If the ranks pass this test, the business of tracking down those who this process of elimination will point to as being responsible for this latest massacre will be greatly served by the enhanced public confidence in the Joint Services.
There needs to be an investigation into this matter that leaves no germ of suspicion of a cover up. And such investigation should not be conducted by any agency or entity around which suspicions now abound.
Already in Guyana we have a situation where some murders seem to elicit laissez faire attention from officialdom, while others produce fire breathing responses.
This is poignantly and transparently reflected in the selectivity with which the state offers rewards for information in some high profile killings, while ignoring similar action in others.
I do not believe that rewards were offered for information with respect to the assassination of Ronald Waddell or Marcyn King. If rewards were offered then I missed it, and humbly apologise.
I find it more than a mite disconcerting that in a society such as ours, where violence sometimes target people because of their ethnicity, the Government’s reaction to these killings, as well as those of, allegedly hundreds of young black men, ostensibly suspected of being involved in criminality, ironically remains tepid when compared with its reaction to other atrocities like the Sawh assassination, Lusignan, et al.
In every human society, fairness and balance, equality under the law, freedom of speech and assembly, and all of those things that shape the quality of life for an individual or group in such society, require more than lip service or flippant enunciations from politicians and Government officials.
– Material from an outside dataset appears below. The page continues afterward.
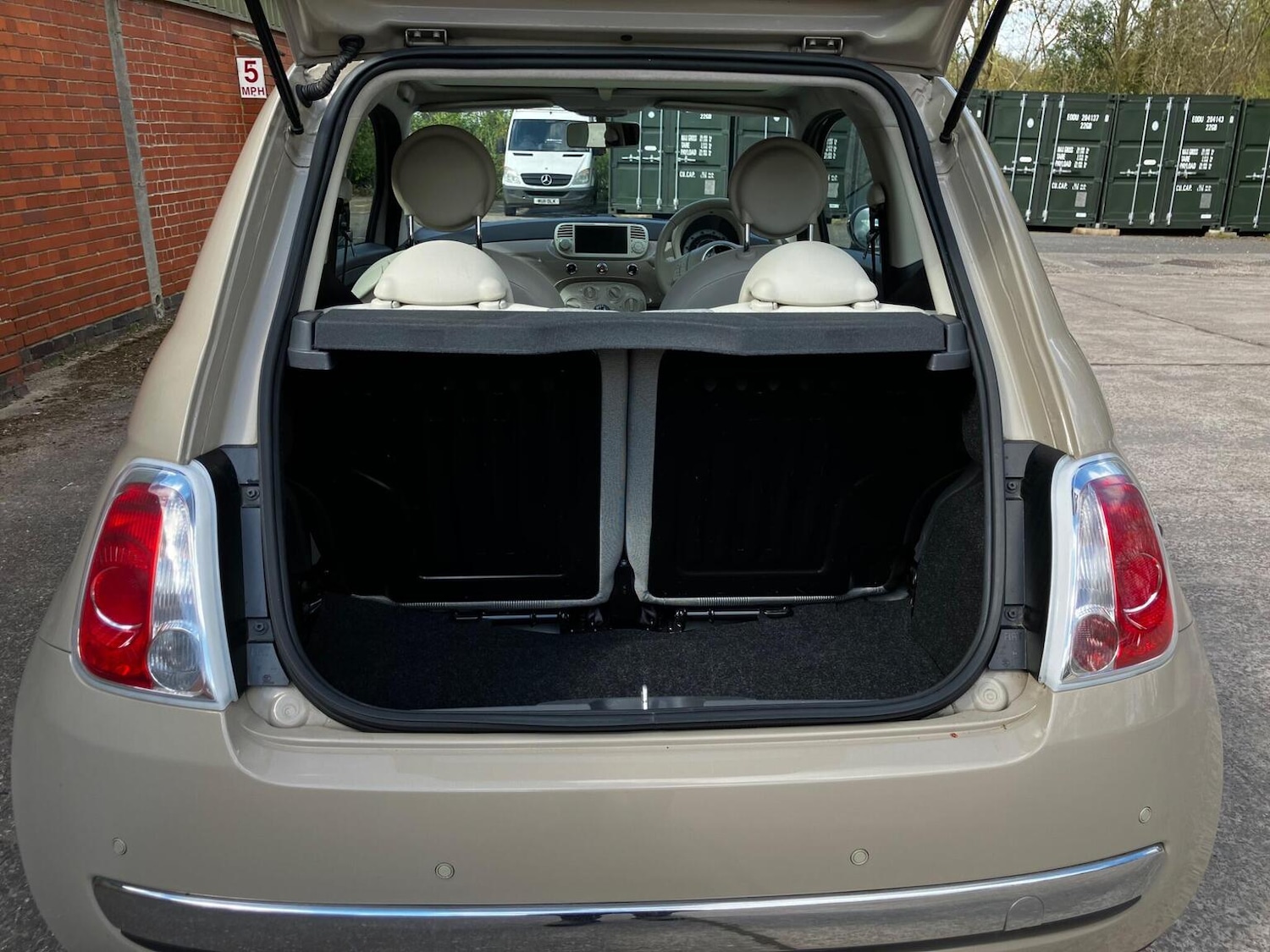 Used Fiat 500 2015 for sale - 78135057: Photo 24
Whether the Government or those who feel comfortable under the umbrella of its authority choose to believe it or not, it is an unequivocal reality that large and particular segments of the Guyanese population perceive themselves as being stratified in the role of a veritable collective Cinderella in the society they live in.
Unless the policies, the conduct and the responses of the political administration to the social and sometime discordant eruptions that seem to have become a permanent feature of every day life in Guyana reflect the absolutism of those values, those essential operants for social and interactive cohesiveness, that which is emanating from their lips amount to nothing more than a command to believe them rather than our lying eyes.